The big girls and I went to Sunday Mass at the closest Western-rite church this weekend because of all the Nutcracker craziness. I always feel unsettled when I go to a church that isn't 'mine;' I don't belong. Perhaps visitors to our missions also feel this way...
Humility- I whisper to myself. I always feel like people are looking at me, sympathetic that I am going to Mass alone with four children. I bet they imagine my husband is reading the Sunday paper in bed. I want to shout- my husband actually left early to replace the ill priest for a different community. He'll celebrate their Liturgy and then our mission's Liturgy until the priest is better. With God's mercy, the ill priest will be better before Christmas.
We frequently go to Mass at the hospital, but that is a speedy daily Mass and the chapel has no kneelers, so the Mass itself is as simple as it gets. A Sunday Mass is different. I always forget that we aren't supposed to kneel after receiving the Eucharist, so I stay kneeling. I worry that I am distracting the believers with my 'backwards' sign of the cross. I hope that everyone has the eyes on their own work. My girls are shocked when altar girls come up the aisle and admonish them to stop judging- even though I disagree with the concept of altar girls. My girls are doubly shocked to see a girl friend who used to faithfully attend the Byzantine Liturgy being an altar server at this church. They left our mission when my husband allowed the people to sing the old country anthem on a holiday during coffee and donuts; they insisted my husband was a liberal.
This parish has three priests and two deacons. They do a lot of good works and have lots of groups involved in the pro-life movement. All of their Sunday Masses are packed. I am sure that some of my misgivings are simply sins of jealousy that I need to confess- to one of the priests at this parish since I don't confess to my husband.
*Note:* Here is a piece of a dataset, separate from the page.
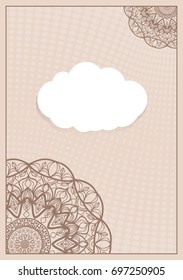 Template for Greeting Card. Beige Color. Design Invitation with Cloud, Floral pattern. Vector illustration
I am jealous that we are so small and that people who identify themselves as Byzantine Catholic have never even visited us.
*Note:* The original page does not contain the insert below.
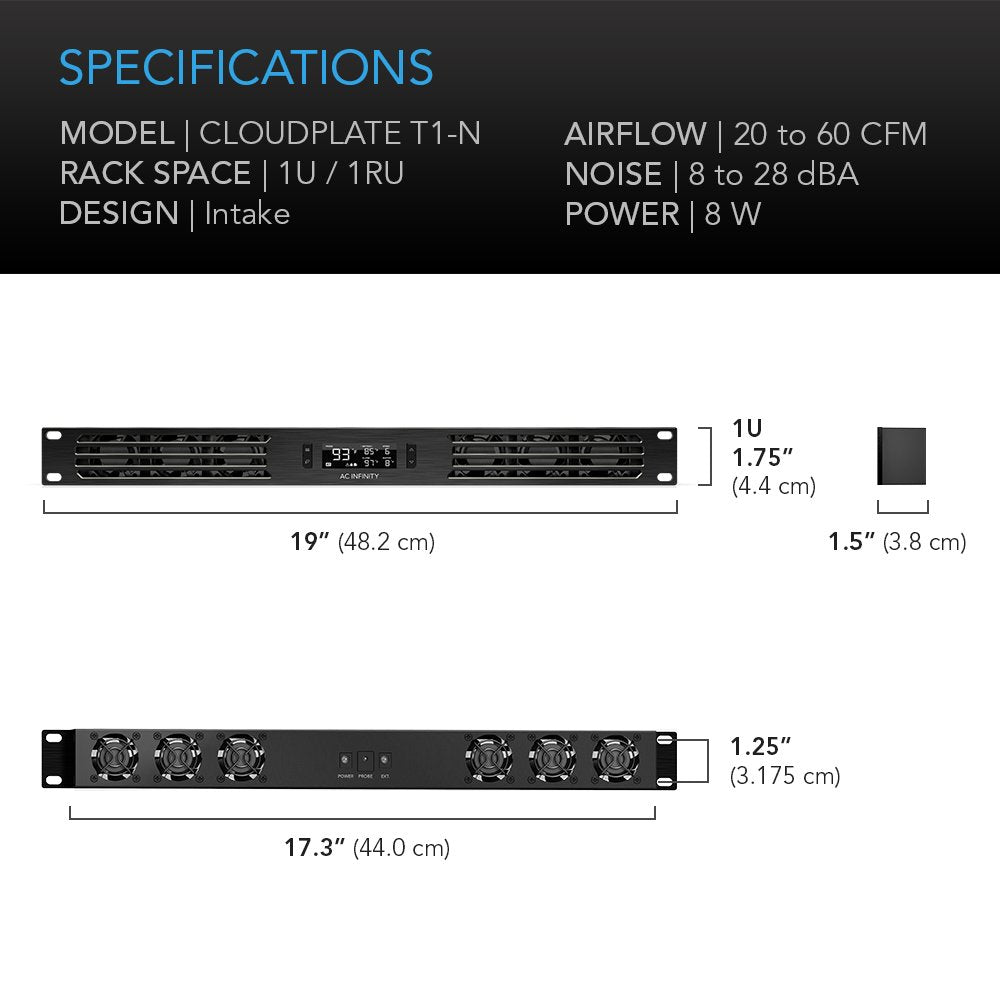 AC Infinity CLOUDPLATE T1-N, Rack Mount Fan Panel 1U, Intake Airflow, for Cooling AV, Home Theater, Network 19” Racks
The parish has the trappings of a modern church- clapping after the kids' choir rendition of "Soon and Very Soon" is finished, girl altar servers, lay people opening the tabernacle and distributing the Eucharist (the Blood being poured by a lay person from the priest's chalice into clear glass goblets), and a children's liturgy where they take the children out during the Liturgy of the Word. These things are disturbing to me.
But the lay reader was reverent during the readings, and the homily was dynamic, yet a hard-core teaching directly related to the Gospel. The tabernacle is in the center, and there is a beautiful crucifix as a focal point in the modern construction. There are normal confessionals and there are Knights of Columbus as ushers that also stay close to the Eucharist distributors to eliminate desecration.
It was a bit discombobulating, but God was there and we were blessed to be there.